Apache Flink vs Kafka

OverviewDecisionsComparisonAlternatives

Overview

Kafka
Kafka
Stacks24.2K
Followers22.3K
Votes607
GitHub Stars31.2K
Forks14.8K
Apache Flink
Apache Flink
Stacks534
Followers879
Votes38
GitHub Stars25.4K
Forks13.7K

Apache Flink vs Kafka: What are the differences?

Apache Flink and Kafka are both popular tools in the field of big data processing, but they serve different purposes and have distinct features. Let's discuss the key differences between them.

  1. Data Processing Paradigm: Apache Flink is a stream processing framework that focuses on processing real-time streaming data and batch processing. It provides support for event time processing and stateful computations, making it suitable for complex data processing scenarios. On the other hand, Kafka is a distributed streaming platform that is primarily designed for handling high-throughput, fault-tolerant, and scalable stream data. It provides reliable data storage and distribution capabilities, serving as a messaging system.
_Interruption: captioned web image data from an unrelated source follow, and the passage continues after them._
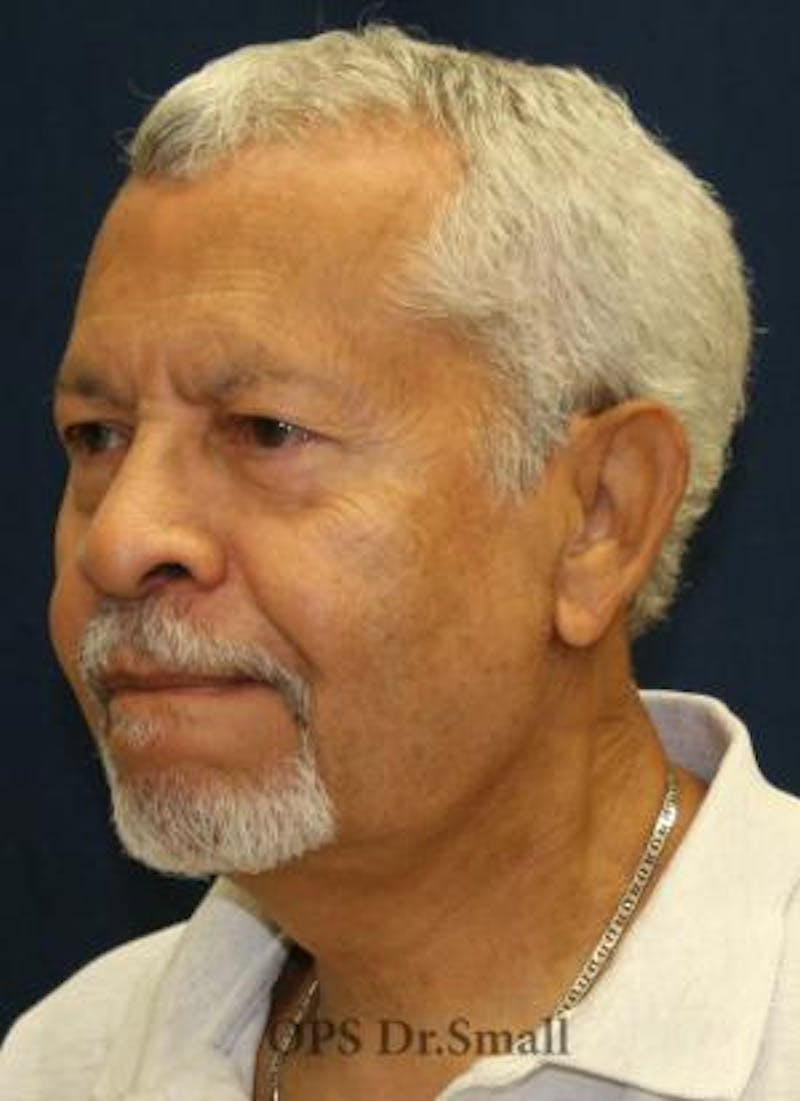 Neck Lift Before & After Gallery - Patient 314273 - Image 8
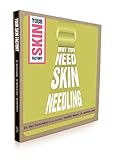 Why You Need Skin Needling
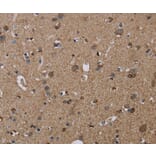 Immunohistochemistry - TRPM1 Antibody from Signalway Antibody (36874) - Antibodies.com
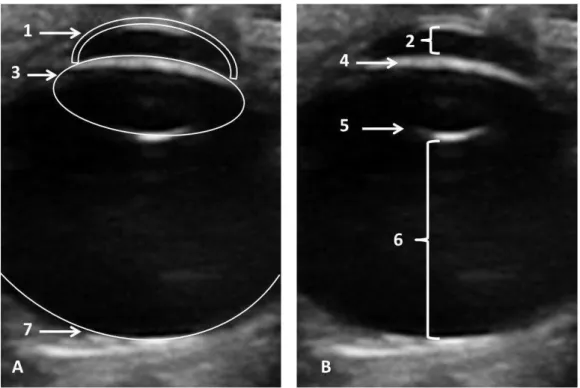 FIGURA  3:  Imagem  ultrassonográfica  do  bulbo  ocular  direito,  do  animal  de  número  nove  (A9),  obtida  no  plano  sagital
  2. Job Execution Model: In Apache Flink, data processing is performed through a parallelizable dataflow graph called a job. It offers rich APIs, including low-level operations, windowing functions, and time-based triggers. Flink also provides fault tolerance through checkpointing. In contrast, Kafka does not execute data processing jobs directly. Instead, it acts as a buffer between data producers and consumers, where producers publish records to Kafka topics, and consumers subscribe to these topics to consume the data.

  3. Processing Latency: Apache Flink aims to achieve low processing latency by processing data in real-time, enabling near real-time analytics and decision-making. It offers event time handling, watermarking, and support for various windowing functions, allowing efficient processing of streams with lower latency. On the other hand, Kafka provides high throughput and fault tolerance but may introduce some latency due to its persistent storage and replication mechanism, which ensures data durability and availability even in the face of failures.

  4. Use Cases: Apache Flink is commonly used in applications that require real-time analytics, complex event processing, machine learning, and fast data streaming. It is suitable for use cases such as fraud detection, recommendation systems, and real-time monitoring. Kafka, on the other hand, is widely used as a messaging system for building real-time data pipelines, log aggregation, queuing systems, and building microservices architectures.

  5. State Management: Apache Flink has built-in support for maintaining state during data processing, allowing stateful computations and providing fault tolerance. It provides different types of state, including keyed state, operator state, and broadcast state, which can be utilized for maintaining intermediate results and aggregating data. Kafka, being a distributed streaming platform, does not offer built-in state management. However, Kafka Streams, a library built on top of Kafka, provides support for stateful processing and state stores.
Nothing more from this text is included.